Elimination of the linearization error and improved basis-set convergence within the FLAPW method

TL;DR

This paper analyzes the linearization error in the LAPW method and demonstrates that adding local orbitals, especially second derivatives, significantly improves accuracy and convergence in electronic structure calculations.

Contribution

It introduces a systematic approach to eliminate linearization errors in LAPW by adding local orbitals, enhancing precision and convergence.

Findings

Second derivative local orbitals most effectively eliminate linearization error.

LAPW+LO basis shows improved convergence over conventional LAPW.
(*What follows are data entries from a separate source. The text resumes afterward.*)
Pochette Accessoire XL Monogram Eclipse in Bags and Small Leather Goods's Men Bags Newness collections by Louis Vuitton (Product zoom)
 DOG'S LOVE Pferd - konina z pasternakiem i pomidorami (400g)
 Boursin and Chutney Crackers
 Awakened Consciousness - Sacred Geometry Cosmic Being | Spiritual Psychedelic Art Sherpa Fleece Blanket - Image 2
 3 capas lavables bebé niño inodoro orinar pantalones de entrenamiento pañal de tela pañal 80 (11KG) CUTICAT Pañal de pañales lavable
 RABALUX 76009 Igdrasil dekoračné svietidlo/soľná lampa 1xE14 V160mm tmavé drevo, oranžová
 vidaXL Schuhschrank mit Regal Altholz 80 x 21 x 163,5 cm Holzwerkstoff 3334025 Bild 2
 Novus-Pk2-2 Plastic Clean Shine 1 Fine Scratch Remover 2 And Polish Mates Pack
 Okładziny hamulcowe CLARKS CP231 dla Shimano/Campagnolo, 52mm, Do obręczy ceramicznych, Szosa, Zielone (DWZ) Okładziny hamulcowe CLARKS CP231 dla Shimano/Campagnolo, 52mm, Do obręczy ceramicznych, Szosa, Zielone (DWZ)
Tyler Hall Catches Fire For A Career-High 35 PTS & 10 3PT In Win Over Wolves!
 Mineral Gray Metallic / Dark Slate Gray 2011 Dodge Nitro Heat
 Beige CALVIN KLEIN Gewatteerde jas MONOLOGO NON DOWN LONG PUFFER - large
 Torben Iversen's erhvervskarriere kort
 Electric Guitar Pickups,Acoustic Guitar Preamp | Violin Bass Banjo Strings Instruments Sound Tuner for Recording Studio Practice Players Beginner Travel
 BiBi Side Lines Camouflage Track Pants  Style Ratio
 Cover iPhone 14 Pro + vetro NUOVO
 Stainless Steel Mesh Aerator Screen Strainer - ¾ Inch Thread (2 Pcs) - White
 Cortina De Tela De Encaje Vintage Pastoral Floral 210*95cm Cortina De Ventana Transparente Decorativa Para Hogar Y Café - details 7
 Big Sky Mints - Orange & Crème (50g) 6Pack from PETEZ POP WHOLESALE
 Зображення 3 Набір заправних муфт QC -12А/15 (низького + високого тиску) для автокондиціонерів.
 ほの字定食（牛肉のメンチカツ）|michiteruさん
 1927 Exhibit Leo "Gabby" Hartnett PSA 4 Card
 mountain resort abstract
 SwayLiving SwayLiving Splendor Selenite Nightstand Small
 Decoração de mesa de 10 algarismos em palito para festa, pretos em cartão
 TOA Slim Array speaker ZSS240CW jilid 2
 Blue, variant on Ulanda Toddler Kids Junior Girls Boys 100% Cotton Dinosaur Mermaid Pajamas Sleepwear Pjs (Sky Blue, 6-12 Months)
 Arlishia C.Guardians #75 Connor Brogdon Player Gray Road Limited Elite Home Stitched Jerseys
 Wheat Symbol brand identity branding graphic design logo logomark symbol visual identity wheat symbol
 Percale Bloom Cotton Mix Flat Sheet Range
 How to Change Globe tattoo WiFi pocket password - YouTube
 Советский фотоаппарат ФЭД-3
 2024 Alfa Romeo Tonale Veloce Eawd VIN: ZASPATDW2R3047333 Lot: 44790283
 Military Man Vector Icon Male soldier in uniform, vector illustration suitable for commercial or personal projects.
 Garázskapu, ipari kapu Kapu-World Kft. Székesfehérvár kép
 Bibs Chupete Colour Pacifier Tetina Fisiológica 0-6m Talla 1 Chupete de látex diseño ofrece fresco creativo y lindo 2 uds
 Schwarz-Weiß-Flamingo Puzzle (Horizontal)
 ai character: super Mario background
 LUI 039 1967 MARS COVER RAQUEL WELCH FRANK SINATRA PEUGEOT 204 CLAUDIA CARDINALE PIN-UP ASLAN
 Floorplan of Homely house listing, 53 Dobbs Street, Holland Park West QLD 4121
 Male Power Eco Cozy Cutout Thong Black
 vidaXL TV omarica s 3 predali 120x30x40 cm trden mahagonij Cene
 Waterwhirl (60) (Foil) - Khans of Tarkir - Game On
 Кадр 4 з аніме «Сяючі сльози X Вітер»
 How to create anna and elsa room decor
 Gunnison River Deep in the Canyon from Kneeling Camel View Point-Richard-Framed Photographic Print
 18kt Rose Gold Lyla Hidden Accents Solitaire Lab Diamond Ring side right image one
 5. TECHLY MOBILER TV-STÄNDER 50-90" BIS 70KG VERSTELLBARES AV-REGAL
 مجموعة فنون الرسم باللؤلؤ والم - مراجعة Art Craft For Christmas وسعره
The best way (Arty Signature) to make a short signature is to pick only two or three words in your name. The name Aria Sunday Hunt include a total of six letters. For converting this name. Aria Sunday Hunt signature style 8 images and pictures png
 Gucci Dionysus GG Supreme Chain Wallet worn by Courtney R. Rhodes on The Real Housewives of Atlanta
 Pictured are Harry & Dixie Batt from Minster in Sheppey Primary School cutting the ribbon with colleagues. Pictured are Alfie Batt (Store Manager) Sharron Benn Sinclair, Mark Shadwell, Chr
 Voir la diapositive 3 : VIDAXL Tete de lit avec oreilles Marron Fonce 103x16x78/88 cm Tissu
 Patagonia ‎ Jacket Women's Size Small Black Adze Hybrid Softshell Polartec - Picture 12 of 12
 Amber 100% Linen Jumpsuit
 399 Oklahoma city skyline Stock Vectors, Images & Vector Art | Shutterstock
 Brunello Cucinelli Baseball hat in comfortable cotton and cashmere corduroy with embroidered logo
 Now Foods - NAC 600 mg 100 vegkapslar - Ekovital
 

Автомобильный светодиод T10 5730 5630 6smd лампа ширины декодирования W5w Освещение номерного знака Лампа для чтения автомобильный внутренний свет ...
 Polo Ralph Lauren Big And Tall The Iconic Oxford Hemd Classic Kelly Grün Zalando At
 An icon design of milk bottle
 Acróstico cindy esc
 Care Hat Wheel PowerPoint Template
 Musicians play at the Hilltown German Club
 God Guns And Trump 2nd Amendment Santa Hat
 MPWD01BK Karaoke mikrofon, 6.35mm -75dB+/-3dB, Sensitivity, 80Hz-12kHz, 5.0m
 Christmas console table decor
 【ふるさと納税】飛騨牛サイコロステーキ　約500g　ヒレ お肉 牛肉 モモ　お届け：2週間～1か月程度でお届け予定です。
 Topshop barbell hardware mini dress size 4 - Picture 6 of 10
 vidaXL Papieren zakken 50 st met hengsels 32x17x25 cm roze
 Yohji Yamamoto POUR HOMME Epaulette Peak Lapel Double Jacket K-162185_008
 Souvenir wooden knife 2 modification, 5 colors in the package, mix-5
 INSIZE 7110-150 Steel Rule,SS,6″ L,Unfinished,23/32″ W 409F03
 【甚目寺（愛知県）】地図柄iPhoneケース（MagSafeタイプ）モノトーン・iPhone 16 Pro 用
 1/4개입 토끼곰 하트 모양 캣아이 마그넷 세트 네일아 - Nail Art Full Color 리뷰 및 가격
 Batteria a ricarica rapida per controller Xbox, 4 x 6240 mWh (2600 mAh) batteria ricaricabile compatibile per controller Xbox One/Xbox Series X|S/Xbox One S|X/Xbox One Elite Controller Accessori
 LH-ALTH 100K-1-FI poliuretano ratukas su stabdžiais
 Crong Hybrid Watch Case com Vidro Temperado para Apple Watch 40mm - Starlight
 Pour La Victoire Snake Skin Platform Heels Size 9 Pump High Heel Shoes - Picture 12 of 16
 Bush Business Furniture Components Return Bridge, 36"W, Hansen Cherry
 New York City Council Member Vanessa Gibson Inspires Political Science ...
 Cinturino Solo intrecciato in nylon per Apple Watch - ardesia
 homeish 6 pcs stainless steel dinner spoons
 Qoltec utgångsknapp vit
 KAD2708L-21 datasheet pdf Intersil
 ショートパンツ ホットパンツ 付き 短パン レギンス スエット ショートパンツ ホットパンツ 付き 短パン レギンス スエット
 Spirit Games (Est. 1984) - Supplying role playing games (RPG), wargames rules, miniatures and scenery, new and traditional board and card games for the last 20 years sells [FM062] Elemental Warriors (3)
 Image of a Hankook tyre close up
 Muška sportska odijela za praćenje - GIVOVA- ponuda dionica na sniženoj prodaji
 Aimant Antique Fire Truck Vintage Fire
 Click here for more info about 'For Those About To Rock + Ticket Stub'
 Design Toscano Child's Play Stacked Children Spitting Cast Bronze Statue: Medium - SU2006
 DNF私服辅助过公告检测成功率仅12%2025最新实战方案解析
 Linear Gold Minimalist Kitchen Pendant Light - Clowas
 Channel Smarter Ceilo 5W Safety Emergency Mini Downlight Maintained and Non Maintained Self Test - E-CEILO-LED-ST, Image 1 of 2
Enhanced decoupling of muffin-tin and interstitial regions improves results.

Abstract

We analyze in detail the error that arises from the linearization in linearized augmented-plane-wave (LAPW) basis functions around predetermined energies $E_l$ and show that it can lead to undesirable dependences of the calculated results on method-inherent parameters such as energy parameters $E_l$ and muffin-tin sphere radii. To overcome these dependences, we evaluate approaches that eliminate the linearization error systematically by adding local orbitals (LOs) to the basis set. We consider two kinds of LOs: (i) constructed from solutions $u_l(r,E)$ to the scalar-relativistic approximation of the radial Dirac equation with $E>E_l$ and (ii) constructed from second energy derivatives $\partial^2 u_l(r,E) / \partial E^2$ at $E=E_l$. We find that the latter eliminates the error most efficiently and yields the density functional answer to many electronic and materials properties with very high precision. Finally, we demonstrate that the so constructed LAPW+LO basis shows a more favorable convergence behavior than the conventional LAPW basis due to a better decoupling of muffin-tin and interstitial regions, similarly to the related APW+lo approach, which requires an extra set of LOs to reach the same total energy, though.